Tallying federal pandemic support for the health sector

In the months since the COVID-19 pandemic began, the federal government has directed more than $400 billion to the health sector to shore up its finances and enhance its capacity to care for COVID and non-COVID patients, according to an online financial tracking service assembled by the Committee for a Responsible Federal Budget (CRFB). It is not certain if this cash infusion signals cost control has been shelved for good, or whether it might return once the crisis eases.

 

 

The shift has been jarring. Pre-COVID, the talk in health policy was of lowering prices for hospital care and prescription drugs, and, more generally, on steering resources away from a sector widely viewed as wasteful and overbuilt. When the crisis began, Congress and the administration reversed course quickly and began injecting new resources into the system to improved its resilience during the escalating public health emergency.

The readiness concerns weren’t frivolous. Hospitals in hot spots have been scrambling to avoid being overwhelmed by COVID victims needing intensive care, and small physician practices have struggled as their patients have avoided getting non-COVID care. As with other sectors in the national economy, lockdowns and social distancing protocols have been costly to medical care providers.

Federal support hasn’t been confined to new funding from Congress. The administration has extended direct relief to the industry, through administrative action, and the Federal Reserve has helped through special lending provisions.

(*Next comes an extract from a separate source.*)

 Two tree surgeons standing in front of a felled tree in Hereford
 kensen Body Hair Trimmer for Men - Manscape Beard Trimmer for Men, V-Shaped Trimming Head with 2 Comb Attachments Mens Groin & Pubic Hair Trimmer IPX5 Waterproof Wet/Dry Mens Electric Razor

The following, drawn from CRFB’s compilation, is a summary of the various sources of new financial support provided to date.

  • Grants to Providers. Congress has approved $175 billion in direct payments to providers, and another $32 billion to support additional preparedness measures. As of the end of August, more than $120 billion of this funding had been expended by the federal government.
  • Higher Medicare Fees. For several years, a sequester required by previous budget-related legislation has cut Medicare’s fees for hospitals and other providers. Congress has canceled the sequester through December to provide an added financial boost during the crisis. In addition, Congress has boosted payment rates for telehealth and other services. All totaled, these provisions have sent an additional $18 billion to the health sector.
  • Accelerated Medicare Payments. During the intense first wave of COVID-19 cases, the administration advanced expected Medicare payments to hospitals, providing a financial bridge of sorts to get them through the worst of the financial crunch. The intention was to recoup the funds that had been advanced by offsetting payments later in the year. So far, the advanced payments have been worth about $100 billion to the industry. Although the program was designed as a loan, the industry has requested that it be converted into a grant by nullifying the repayment requirement. Congress may accede to this request if a compromise bill is assembled and passed before the election (or at least before the end of the year).
  • Paycheck Protection Program. Congress authorized a broad small business lending program to help firms get through the lockdown phase with less disruption to employment levels. Many small health-related firms have participated in it, drawing an estimated $58 billion in loans.
  • Federal Reserve. The Fed’s various business lending facilities have been tapped less heavily than was expected when they were launched. To date, less than $1 billion has been provided to health-sector firms.

More assistance may be on the way. The House-passed Heroes bill, and the Senate GOP’s alternative (called the HEALS Act), both would send substantial new funding to the health sector. Heroes would increase direct grant funding for the industry by $100 billion; HEALS offers $25 billion. It is not certain a negotiated bill will pass before the election, but if it does, it is sure to provide some additional financial relief for hospitals, and possibly for other providers too.

The rush to shore up the finances of the health industry during the pandemic points to an irony in U.S. health care. The nation’s provider network is already the most expensive in the world, and yet it does not do all that we wish it would for patients or society. In the current moment, we have discovered it is less robust than we would like to handle a surge of patients in a crisis.

The natural response is to send new resources to the industry, to pay for improved capacity. But this means that the country is placing even more of its limited annual income into the health sector, at the expense of other priorities. That is unlikely to be a satisfying answer for the long-term.

A better approach would redirect what can be saved from a more efficient system into improved public health measures, including a more equitable distribution of services across society. The pandemic has demonstrated once again that this agenda is as urgent as ever. 

James C. Capretta is a columnist for State of Reform and holds the Milton Friedman Chair at the American Enterprise Institute.